Caption-style text data:

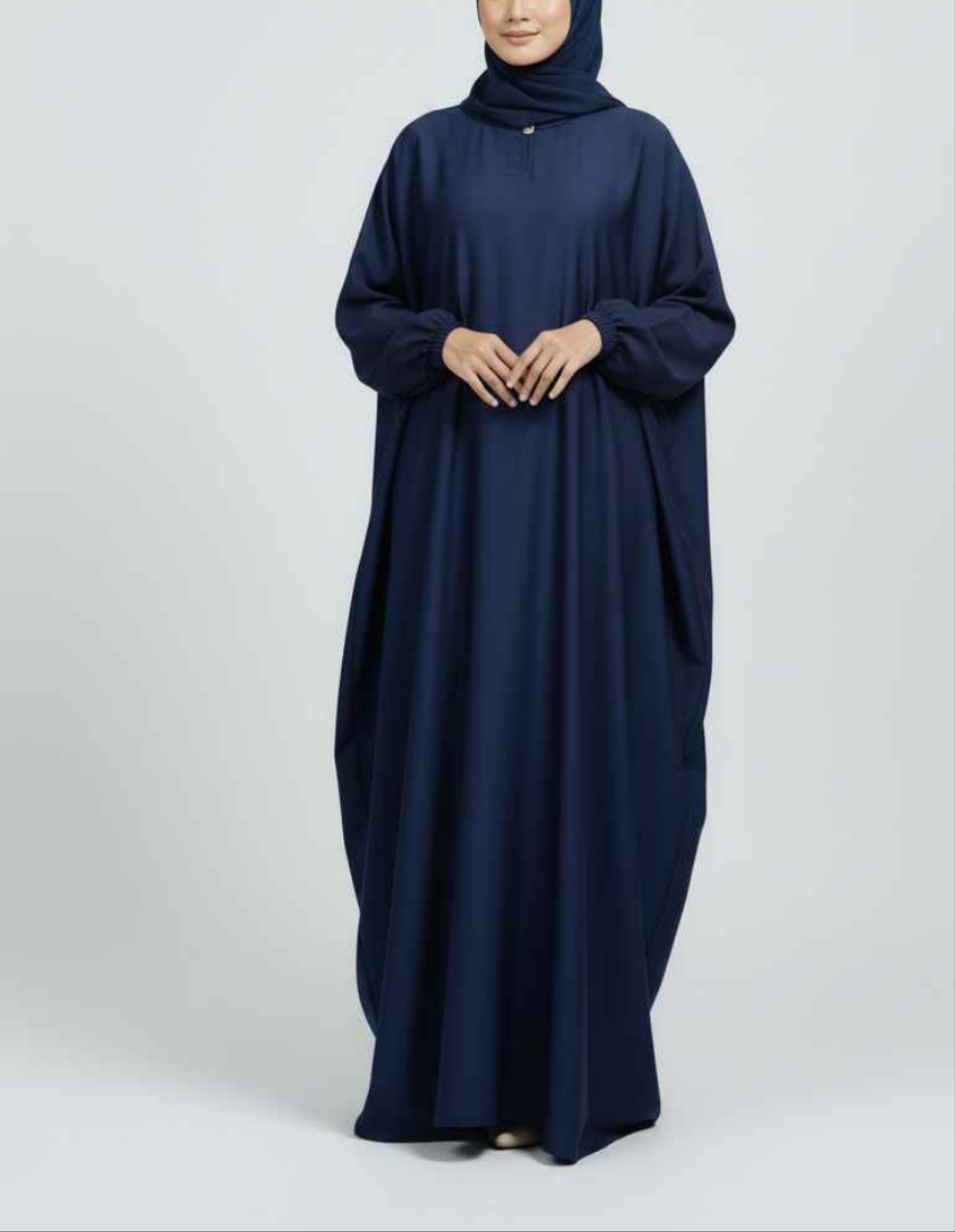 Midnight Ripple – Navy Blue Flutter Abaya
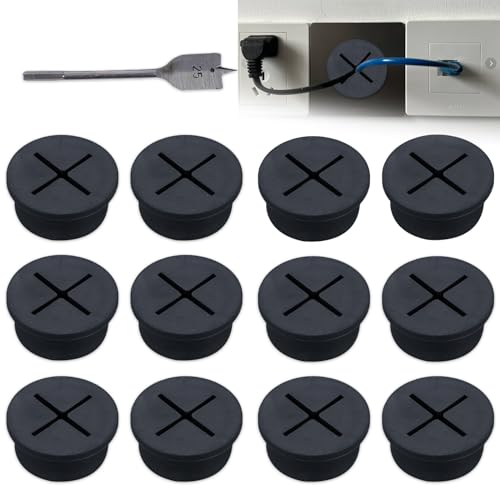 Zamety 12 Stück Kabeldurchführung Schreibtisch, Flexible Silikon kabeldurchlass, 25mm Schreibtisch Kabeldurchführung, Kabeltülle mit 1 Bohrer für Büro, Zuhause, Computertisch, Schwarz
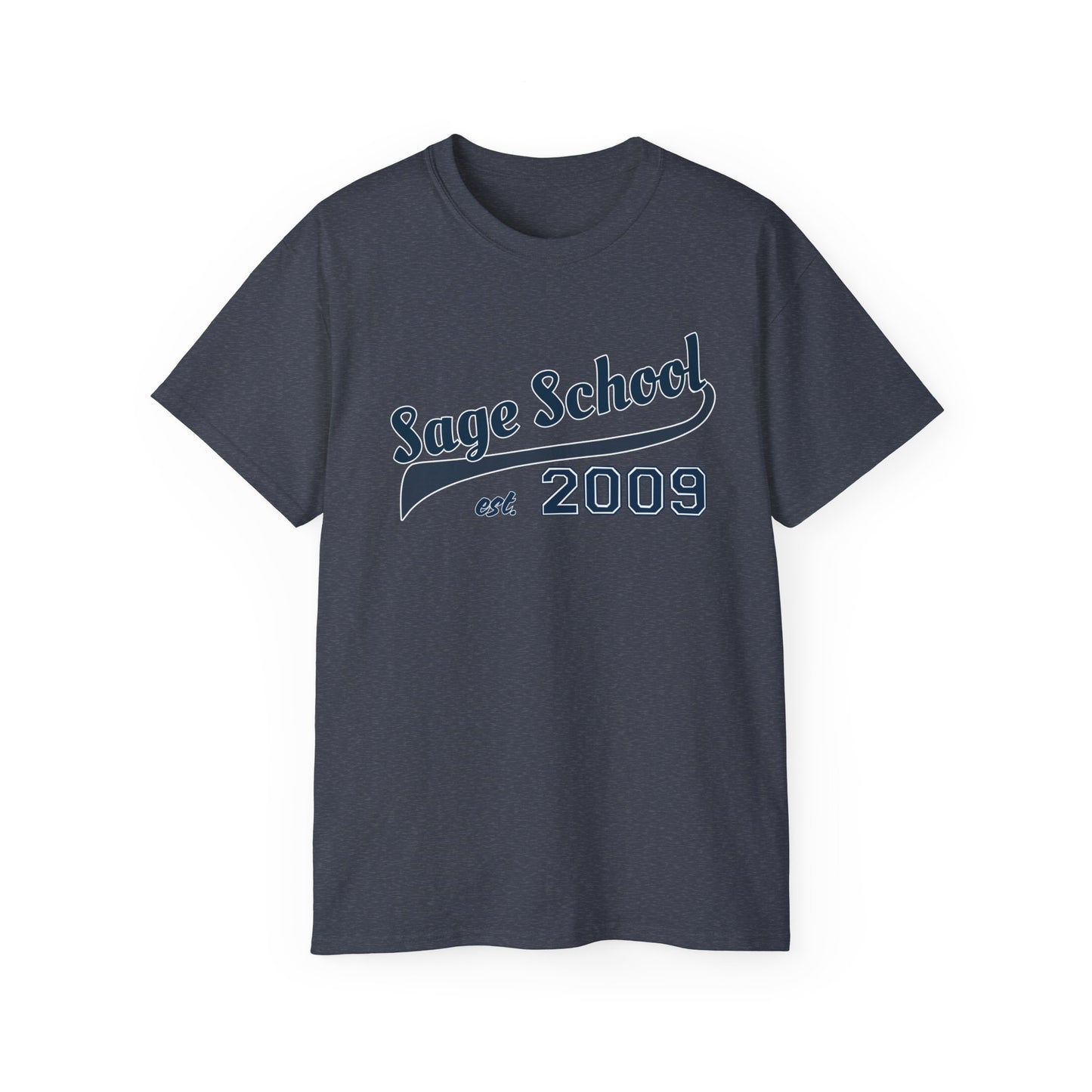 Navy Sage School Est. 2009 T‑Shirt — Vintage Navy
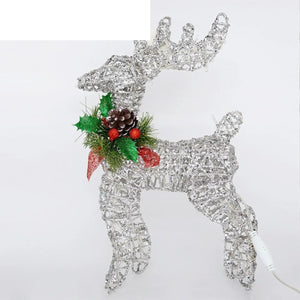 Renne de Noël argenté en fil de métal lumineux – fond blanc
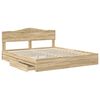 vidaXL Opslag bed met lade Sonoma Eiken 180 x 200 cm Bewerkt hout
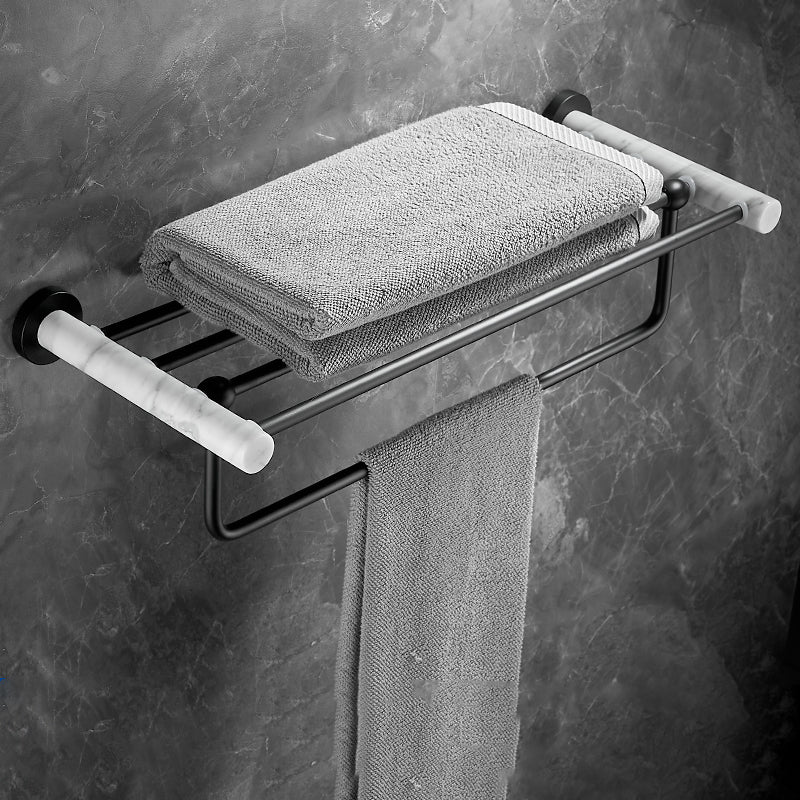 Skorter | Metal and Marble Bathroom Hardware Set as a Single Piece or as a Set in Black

TO DO
Starting at the line that contains "vidaXL Opslag bed" and ending at the final line of the data, reproduce each line exactly. Pictures stay out of the copy.

SOLUTION TO THIS PROBLEM
 vidaXL Opslag bed met lade Sonoma Eiken 180 x 200 cm Bewerkt hout
 Skorter | Metal and Marble Bathroom Hardware Set as a Single Piece or as a Set in Black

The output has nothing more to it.